Jesus Christ, am I really assigning sexuality to condiments now? Just finish it already. For the data.
Click. Submit.
While it loads, my brain unhelpfully provides a memory: Dad and Uncle Pete on the back porch, summer before high school. They'd been drinking, voices carrying through my bedroom window.
"You hear about the Thompson kid?" Uncle Pete had said, his voice carrying that particular tone of gossip mixed with judgment.
"Came back from college all..." He'd made some kind of gesture I couldn't see from my bedroom window but could absolutely imagine, probably a limp wrist or something equally ridiculous and stereotypical.
Dad's laugh had been ugly, harsh in a way that made my shoulders tense even though I was two stories up and nowhere near them.
"Always knew some shit was off about that boy.
" The way he'd said 'off' made it sound like a disease.
"Good thing they ran him out of town before he could corrupt anyone else's kids.
Last thing we need is more of them around here, thinking they can just.. . be like that."
Uncle Pete had grunted in agreement, and the conversation had moved on to the Seahawks' chances that season, but I'd stayed frozen at my window, fingers clenched around the edge of my desk.
I hadn't understood then, not really. The Thompson kid was just someone's older brother who'd suddenly moved away. Now, though...
"One of those fucking fruits." That's what Dad had said, voice dripping disgust.
My stomach turns. What would he say if he knew his son was up here taking "What Kind of Gay Are You?" quizzes at 8 PM on a Thursday?
Maybe that's why I dated those girls in high school.
I remember strawberry lip gloss and soft hands. Girls who always smelled like vanilla and wanted to plan our wedding. They were nice. Pretty. Everything a guy was supposed to want.
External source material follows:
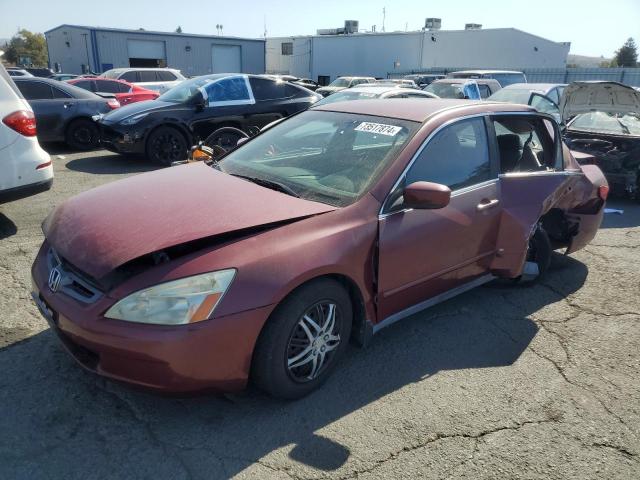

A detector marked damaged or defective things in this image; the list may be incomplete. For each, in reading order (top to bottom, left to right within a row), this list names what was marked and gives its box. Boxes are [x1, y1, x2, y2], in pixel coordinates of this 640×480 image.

cracked asphalt [1, 148, 640, 478] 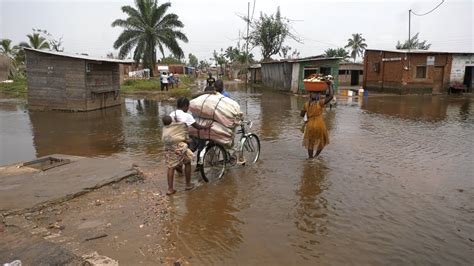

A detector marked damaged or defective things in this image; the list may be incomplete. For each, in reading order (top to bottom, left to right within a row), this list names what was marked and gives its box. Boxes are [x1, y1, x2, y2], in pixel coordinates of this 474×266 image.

rusty metal roof [24, 48, 135, 64]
Except I'd felt nothing for those girls.
Assumed I was just focused on football. Told myself sex was overrated when everyone else seemed obsessed with it.
Made excuses about being tired from practice, and was always the best boyfriend who didn't pressure anyone.
I've had sex, but I was always okay to cuddle.
"That's what a man does." Dad's voice again, from a thousand different conversations. A man dates women. A man gets married. A man provides for his family. A man definitely doesn't wonder what it would feel like to run his fingers through another guy's dark hair or—
Fuck... Definitely not straight then.
But Tyler's happy. Really fucking happy. And Ethan's not some corrupting influence; he's smart and funny and makes Tyler laugh in a way I'd never seen before they got together.
Maybe Dad was wrong about this, too.
The thought hits suddenly and sharply. He was wrong about needing to hit kids to make them tough. Wrong about Mom being weak for crying. Wrong about education being worthless if it didn't involve your hands.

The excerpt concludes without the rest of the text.